> [RECORDS PROVIDED]:
=====

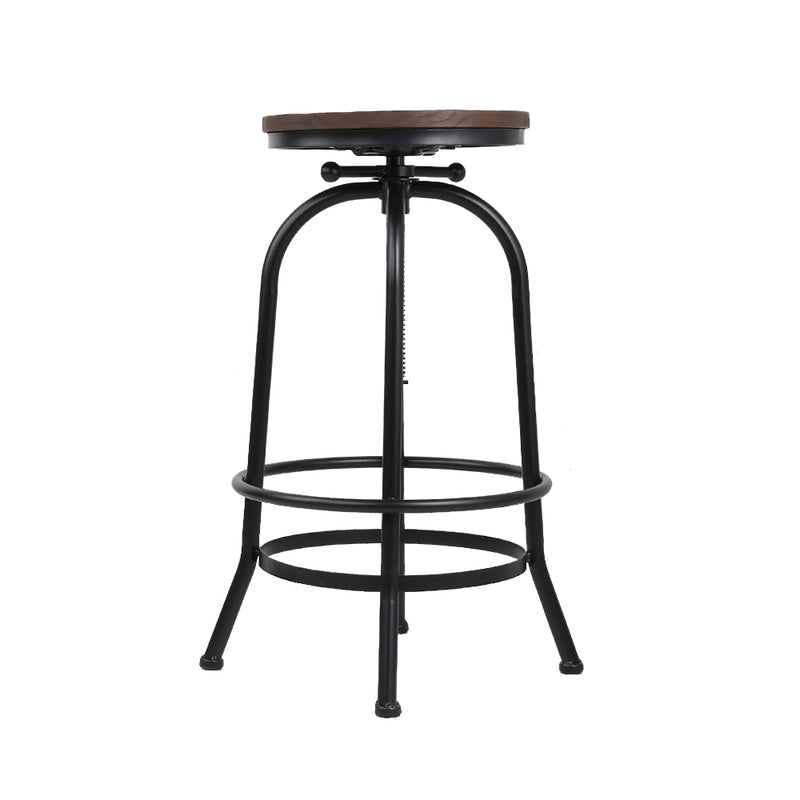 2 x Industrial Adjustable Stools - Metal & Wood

=====

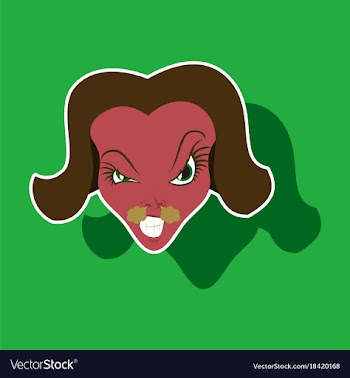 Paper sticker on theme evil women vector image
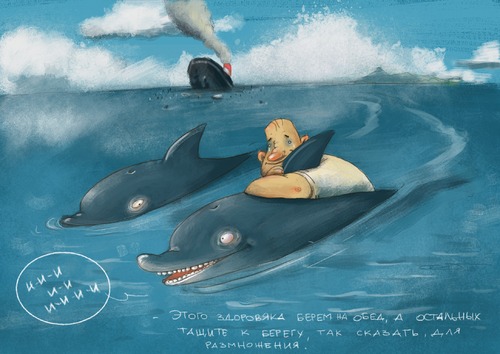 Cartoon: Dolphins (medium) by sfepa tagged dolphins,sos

=====

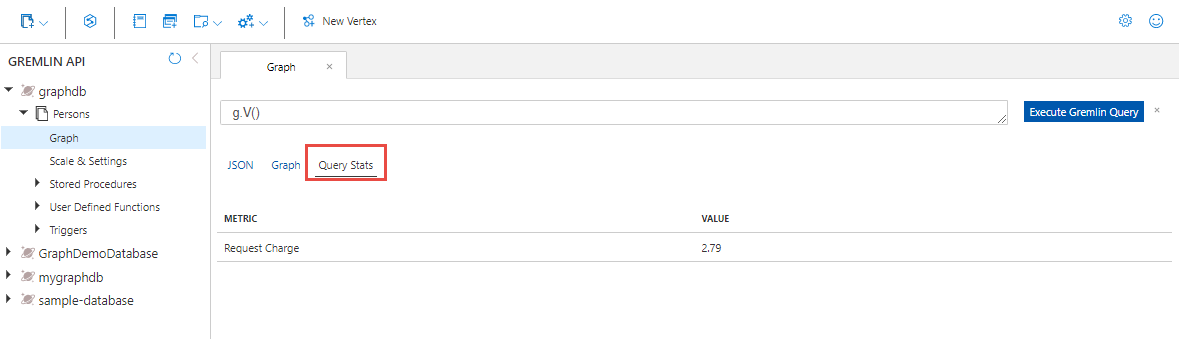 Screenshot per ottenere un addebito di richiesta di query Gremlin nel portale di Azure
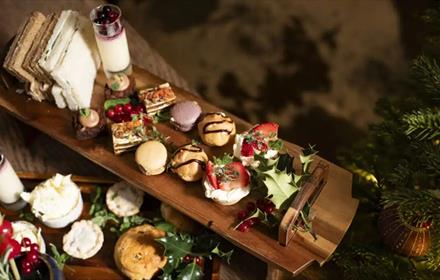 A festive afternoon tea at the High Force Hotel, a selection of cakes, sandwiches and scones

=====

> [WORK INSTRUCTION]: Output only the lines above from the line that holds "Paper sticker on" through the line that holds "Cartoon: Dolphins (medium)", both ends included, and exclude pictures.

> [RESPONSE AREA]:
 Paper sticker on theme evil women vector image
 Cartoon: Dolphins (medium) by sfepa tagged dolphins,sos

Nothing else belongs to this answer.